EXERCISE PROMPT –
Whenever the string "background" turns up in a line of the data below, copy that line.

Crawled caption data
--------------------
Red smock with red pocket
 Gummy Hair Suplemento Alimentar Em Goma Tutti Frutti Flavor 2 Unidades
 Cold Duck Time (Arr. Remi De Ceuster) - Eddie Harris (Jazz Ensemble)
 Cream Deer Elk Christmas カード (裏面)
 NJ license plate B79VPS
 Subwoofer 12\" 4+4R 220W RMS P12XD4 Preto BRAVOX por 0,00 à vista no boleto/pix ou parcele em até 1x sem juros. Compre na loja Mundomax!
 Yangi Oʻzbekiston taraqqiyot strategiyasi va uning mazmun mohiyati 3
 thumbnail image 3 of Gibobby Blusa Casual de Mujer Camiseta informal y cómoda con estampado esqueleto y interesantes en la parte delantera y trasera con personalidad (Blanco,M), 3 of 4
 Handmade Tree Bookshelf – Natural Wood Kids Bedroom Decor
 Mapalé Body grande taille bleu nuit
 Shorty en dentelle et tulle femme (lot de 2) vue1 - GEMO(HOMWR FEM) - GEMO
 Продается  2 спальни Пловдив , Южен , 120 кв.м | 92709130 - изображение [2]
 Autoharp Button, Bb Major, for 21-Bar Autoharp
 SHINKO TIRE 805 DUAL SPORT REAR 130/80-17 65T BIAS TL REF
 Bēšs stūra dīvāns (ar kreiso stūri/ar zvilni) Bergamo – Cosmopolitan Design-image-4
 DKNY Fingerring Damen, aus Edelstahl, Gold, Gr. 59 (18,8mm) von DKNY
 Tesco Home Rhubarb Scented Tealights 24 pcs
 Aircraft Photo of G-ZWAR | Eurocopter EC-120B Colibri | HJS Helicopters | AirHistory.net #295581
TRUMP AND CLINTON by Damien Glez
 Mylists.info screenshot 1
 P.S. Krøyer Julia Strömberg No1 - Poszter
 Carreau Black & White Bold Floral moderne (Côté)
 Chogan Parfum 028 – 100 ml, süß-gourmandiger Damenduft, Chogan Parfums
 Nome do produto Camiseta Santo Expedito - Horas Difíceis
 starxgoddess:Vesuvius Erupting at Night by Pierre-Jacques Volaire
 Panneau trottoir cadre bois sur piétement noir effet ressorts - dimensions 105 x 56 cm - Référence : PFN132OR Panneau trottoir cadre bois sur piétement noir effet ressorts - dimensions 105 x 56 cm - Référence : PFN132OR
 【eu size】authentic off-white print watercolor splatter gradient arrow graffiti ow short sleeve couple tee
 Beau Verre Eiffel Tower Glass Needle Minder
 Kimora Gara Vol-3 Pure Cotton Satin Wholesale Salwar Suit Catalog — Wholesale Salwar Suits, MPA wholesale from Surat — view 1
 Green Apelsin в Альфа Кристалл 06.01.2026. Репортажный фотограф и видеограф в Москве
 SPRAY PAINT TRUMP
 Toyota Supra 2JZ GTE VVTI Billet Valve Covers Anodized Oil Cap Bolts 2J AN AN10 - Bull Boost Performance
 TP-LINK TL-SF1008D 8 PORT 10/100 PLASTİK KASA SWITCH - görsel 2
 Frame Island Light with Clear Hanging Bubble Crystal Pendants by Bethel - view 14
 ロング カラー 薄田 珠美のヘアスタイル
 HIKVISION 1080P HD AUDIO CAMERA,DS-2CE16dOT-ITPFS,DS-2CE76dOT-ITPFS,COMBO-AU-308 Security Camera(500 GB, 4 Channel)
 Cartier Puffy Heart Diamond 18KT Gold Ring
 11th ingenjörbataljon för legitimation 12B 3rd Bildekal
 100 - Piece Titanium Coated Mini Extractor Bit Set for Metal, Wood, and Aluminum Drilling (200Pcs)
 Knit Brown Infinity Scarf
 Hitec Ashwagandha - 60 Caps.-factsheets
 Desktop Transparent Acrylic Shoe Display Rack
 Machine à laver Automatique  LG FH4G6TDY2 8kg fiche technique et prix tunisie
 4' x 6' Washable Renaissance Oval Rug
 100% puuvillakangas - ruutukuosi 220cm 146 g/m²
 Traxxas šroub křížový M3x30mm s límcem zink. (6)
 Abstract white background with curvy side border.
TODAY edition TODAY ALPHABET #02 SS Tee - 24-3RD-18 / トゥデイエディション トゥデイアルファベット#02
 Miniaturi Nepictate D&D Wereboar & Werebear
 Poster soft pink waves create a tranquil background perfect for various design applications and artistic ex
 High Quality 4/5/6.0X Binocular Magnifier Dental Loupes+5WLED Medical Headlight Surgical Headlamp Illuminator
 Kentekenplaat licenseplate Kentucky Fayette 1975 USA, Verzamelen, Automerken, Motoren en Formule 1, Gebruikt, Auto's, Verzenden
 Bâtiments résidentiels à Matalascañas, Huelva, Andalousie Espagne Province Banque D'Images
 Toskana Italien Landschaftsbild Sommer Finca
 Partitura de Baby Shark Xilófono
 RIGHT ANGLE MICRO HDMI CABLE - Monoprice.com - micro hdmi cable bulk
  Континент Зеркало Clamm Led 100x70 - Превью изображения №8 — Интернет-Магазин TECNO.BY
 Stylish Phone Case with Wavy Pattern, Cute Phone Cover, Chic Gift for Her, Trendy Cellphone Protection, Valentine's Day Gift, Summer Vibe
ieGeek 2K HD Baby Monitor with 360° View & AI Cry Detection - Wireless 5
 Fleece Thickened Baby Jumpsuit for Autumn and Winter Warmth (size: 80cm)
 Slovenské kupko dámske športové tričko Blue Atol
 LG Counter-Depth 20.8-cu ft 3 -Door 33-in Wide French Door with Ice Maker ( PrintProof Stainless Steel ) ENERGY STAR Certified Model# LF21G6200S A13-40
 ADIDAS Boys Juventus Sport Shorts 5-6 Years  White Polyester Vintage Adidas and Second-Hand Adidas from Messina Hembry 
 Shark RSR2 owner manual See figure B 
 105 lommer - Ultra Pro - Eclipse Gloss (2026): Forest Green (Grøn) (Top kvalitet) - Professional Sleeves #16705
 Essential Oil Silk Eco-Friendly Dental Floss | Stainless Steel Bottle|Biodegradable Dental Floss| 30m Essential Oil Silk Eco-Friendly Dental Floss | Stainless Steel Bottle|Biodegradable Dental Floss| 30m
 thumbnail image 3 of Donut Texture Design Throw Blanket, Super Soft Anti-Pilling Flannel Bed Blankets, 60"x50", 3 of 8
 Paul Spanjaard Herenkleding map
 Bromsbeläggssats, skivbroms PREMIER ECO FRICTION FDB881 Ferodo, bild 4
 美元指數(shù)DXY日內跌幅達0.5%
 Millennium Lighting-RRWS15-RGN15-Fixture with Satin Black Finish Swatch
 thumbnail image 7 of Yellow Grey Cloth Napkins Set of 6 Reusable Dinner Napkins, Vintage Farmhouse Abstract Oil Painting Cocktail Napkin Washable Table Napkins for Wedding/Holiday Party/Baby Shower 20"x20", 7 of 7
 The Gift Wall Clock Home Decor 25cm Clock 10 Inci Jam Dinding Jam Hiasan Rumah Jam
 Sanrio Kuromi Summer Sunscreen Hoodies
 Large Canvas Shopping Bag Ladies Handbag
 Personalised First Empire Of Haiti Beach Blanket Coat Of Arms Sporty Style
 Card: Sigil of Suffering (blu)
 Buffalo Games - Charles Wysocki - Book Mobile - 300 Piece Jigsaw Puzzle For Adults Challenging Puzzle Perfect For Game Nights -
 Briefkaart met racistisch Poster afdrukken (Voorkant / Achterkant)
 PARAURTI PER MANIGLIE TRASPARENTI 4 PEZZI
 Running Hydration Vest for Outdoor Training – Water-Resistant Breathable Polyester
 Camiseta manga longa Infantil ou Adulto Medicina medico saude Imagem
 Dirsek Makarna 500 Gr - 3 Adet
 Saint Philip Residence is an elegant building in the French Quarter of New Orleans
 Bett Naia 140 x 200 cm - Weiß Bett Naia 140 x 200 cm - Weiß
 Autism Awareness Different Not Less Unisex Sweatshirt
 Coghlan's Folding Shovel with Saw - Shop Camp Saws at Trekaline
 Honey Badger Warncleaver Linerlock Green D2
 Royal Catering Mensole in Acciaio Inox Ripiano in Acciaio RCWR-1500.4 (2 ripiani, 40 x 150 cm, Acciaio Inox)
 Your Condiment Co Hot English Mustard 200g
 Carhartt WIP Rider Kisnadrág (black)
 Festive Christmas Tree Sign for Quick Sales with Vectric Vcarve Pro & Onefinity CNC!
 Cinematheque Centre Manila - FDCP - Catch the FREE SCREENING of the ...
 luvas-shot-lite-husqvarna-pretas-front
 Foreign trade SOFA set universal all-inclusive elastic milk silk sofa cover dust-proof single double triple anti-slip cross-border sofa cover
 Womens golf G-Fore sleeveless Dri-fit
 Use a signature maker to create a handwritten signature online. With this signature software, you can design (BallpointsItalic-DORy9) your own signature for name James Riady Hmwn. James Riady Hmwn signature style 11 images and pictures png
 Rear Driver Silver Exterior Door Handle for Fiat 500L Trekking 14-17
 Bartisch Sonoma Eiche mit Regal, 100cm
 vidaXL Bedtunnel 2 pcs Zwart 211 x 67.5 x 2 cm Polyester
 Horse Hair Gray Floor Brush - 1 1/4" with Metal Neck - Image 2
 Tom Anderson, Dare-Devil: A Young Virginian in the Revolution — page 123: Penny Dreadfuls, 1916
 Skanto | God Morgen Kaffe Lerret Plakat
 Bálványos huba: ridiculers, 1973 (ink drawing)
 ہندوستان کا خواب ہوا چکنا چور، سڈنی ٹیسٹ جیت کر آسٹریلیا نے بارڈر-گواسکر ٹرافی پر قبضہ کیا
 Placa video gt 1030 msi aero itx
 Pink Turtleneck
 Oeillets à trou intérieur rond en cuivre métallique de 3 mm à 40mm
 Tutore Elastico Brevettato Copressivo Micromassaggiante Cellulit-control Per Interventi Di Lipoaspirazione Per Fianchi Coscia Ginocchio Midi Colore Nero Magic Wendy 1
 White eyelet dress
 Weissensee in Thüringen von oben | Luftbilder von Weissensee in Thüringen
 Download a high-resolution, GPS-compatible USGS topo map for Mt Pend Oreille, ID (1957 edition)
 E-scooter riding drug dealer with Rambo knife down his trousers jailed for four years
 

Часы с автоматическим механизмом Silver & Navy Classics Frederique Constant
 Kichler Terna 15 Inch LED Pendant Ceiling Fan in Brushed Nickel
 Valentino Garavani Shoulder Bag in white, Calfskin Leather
--------------------
RESPONSE –
 Abstract white background with curvy side border.
 Poster soft pink waves create a tranquil background perfect for various design applications and artistic ex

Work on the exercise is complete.